Lucy is a Palestinian street dog who has had a difficult time. She used to live with a pack of dogs in an area of empty land in the Palestinian city of Tulkarm. Lucy was calm and friendly but other members of the pack were aggressive towards people, leading to fear of them among the local community. The dogs would bark, and sometimes even attack people; particularly after dark when the animals were more active. As a result, people’s treatment of the dogs became harsher and they were chased away from the land. When this happened Lucy, who was heavily pregnant at the time, became separated from her pack mates and gave birth alone.
Now, without her pack mates around her, Lucy had to fend for herself and her three daughters. She would go to the local market and steal food – becoming fierce and aggressive in order to protect her children. The locals understood her plight and didn’t want to hurt her or her puppies, but they were becoming increasingly scared of her unpredictable and aggressive behaviour.

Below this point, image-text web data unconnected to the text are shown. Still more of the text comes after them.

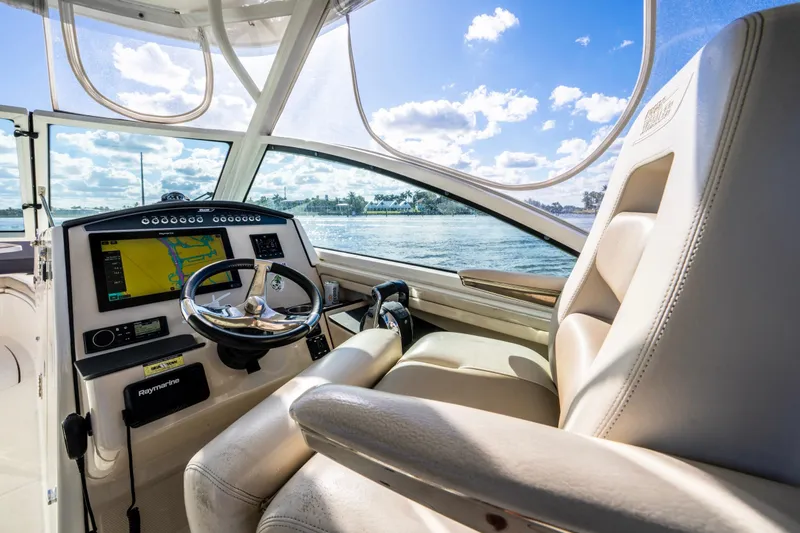 Slide: The Image of 2019 Boston Whaler 320 Vantage helm with navigation system, steering wheel, and luxurious seating. - 26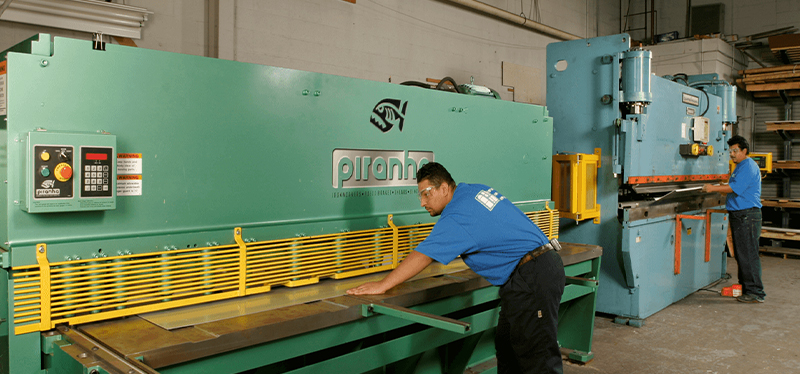 Workers operating Piranha metal fabrication machines, showcasing precision equipment for cutting, bending, and metalworking processes.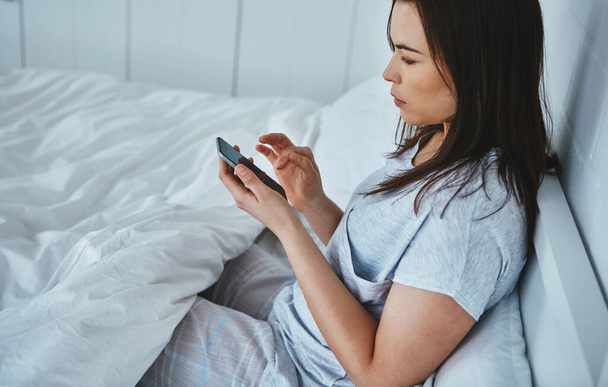 SMS-re ébredek. Nagy látószögű felvétel egy vonzó fiatal nő olvassa szöveges üzeneteket, miközben fekszik az ágyban - Fotó, kép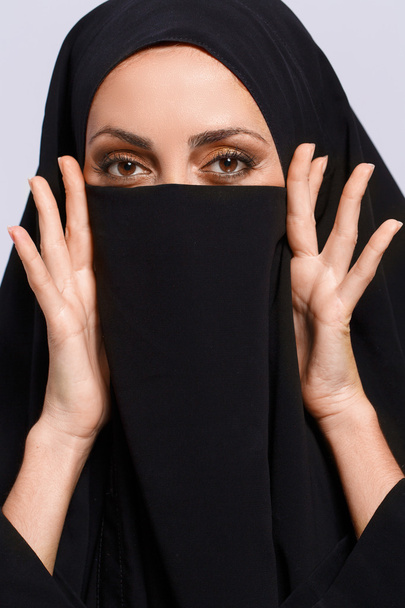 Beautiful Muslim woman looking at camera - Photo, image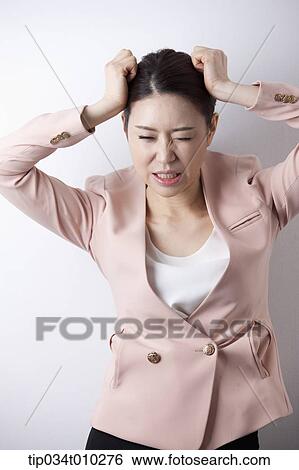 Stock Photograph - a woman in business suit looking stressed. Fotosearch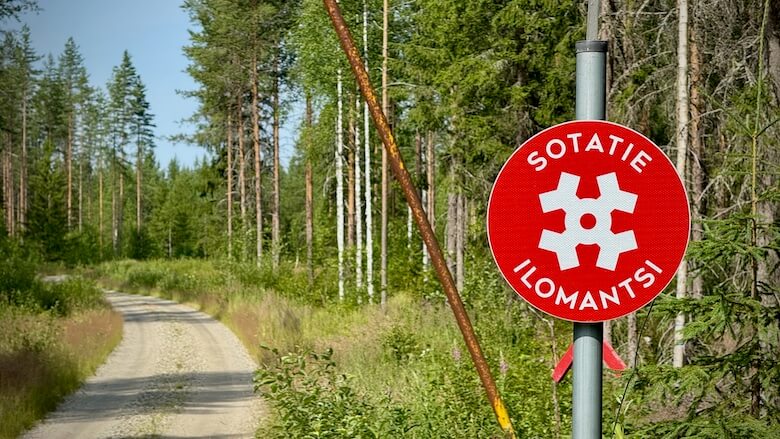 Punainen sotatie liikennemerkki kapean tien reunassa.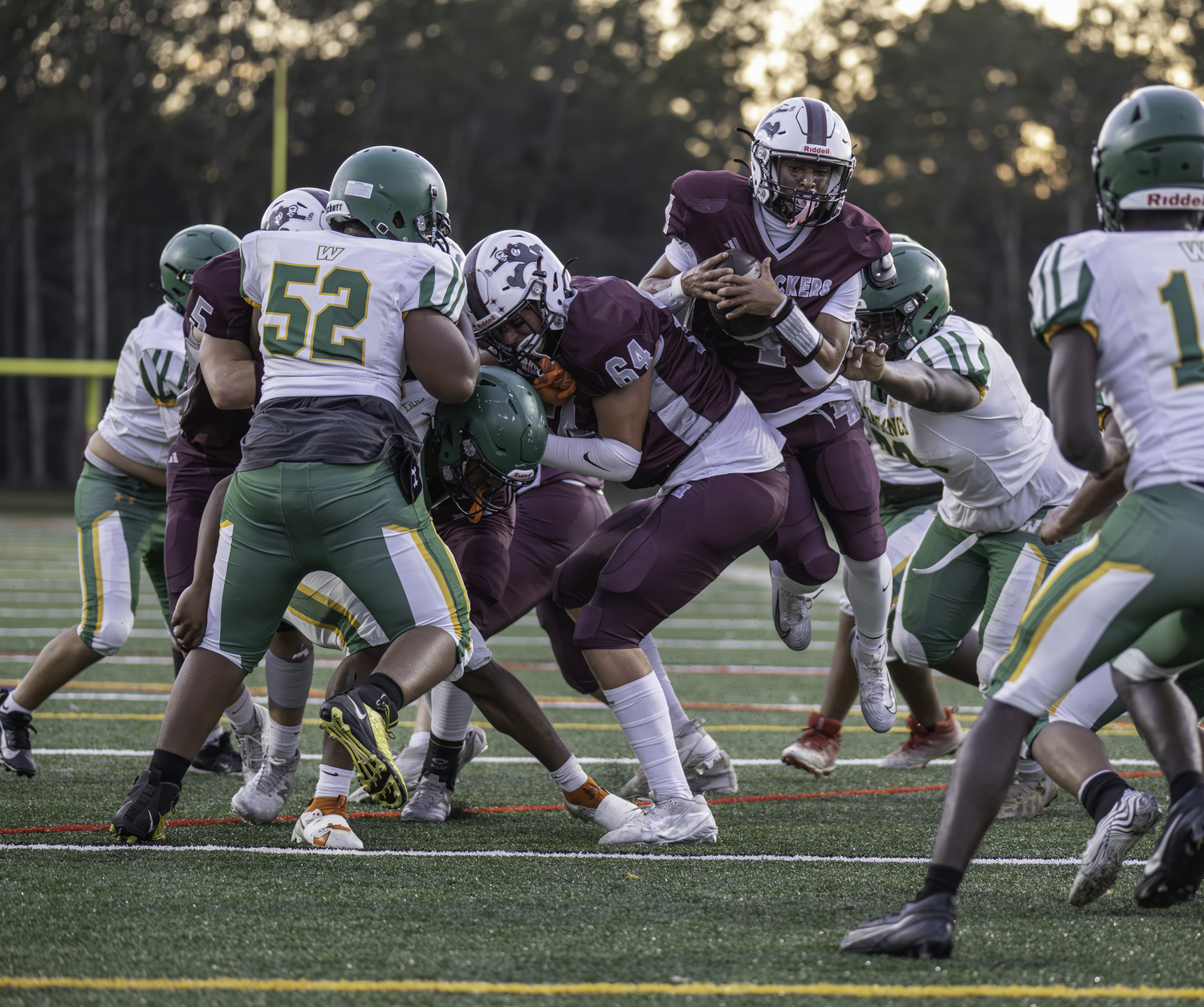 Alex Davis squeezes in behind a block from Tiger Brew for another score.  MARIANNE BARNETT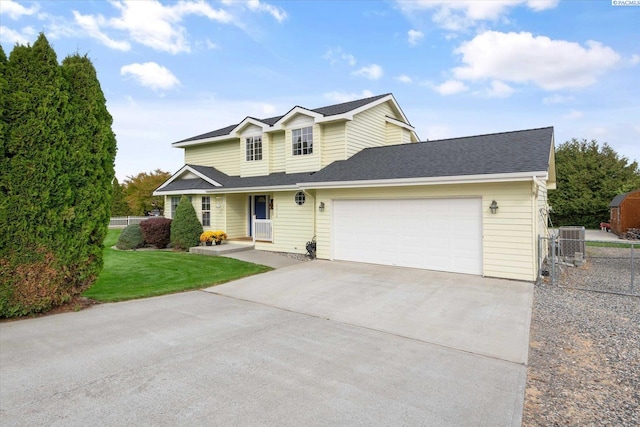 traditional-style house with a garage, driveway, fence, cooling unit, and a front lawn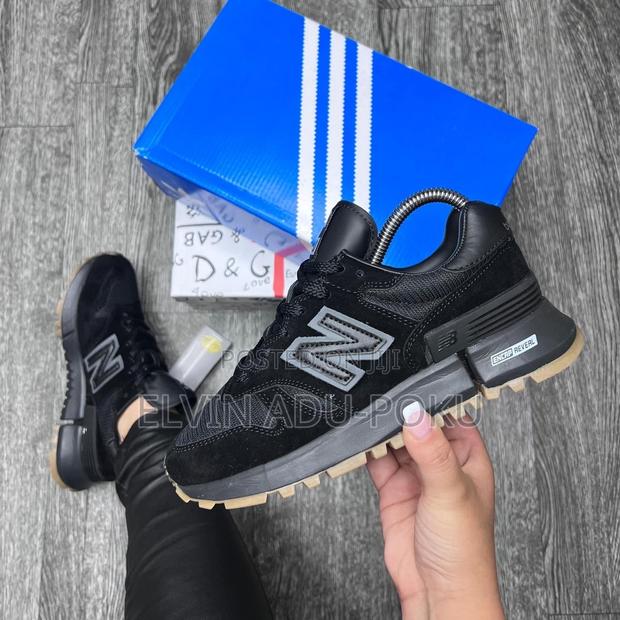 New Balance Unisex Encap Reveal “ Core Black” · Photo 1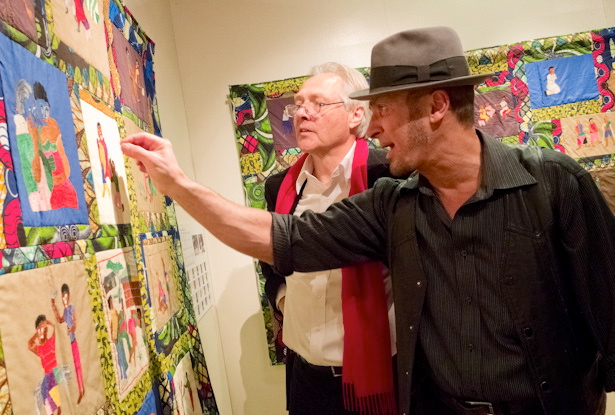 Close-up: Professor Joe Amarino praises the artistry of the Congolese quilts.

Some weeks after her puppies were born, Lucy moved into the garden of a house where an elderly lady, Hassania Ashqar, lived alone. Lucy would not allow Hassania to leave the house without barking and trying to attack her. Hassania was scared of Lucy but did not want to hurt her so she took the incredible step of leaving her home to allow Lucy to be there. Hassania moved in with her family, allowing Lucy to stay with her puppies where she felt safe. After a few weeks, Hassania needed some things from her home and asked her grandson to go and collect them for her. She hoped that Lucy would not be there and told her grandson to be careful; telling him not to enter if Lucy was around. Unfortunately, Lucy saw the boy before he saw her and attacked him, tearing his trousers but, thankfully, not hurting him. The family decided at this point that something needed to be done about Lucy and called the Civil Guard to help.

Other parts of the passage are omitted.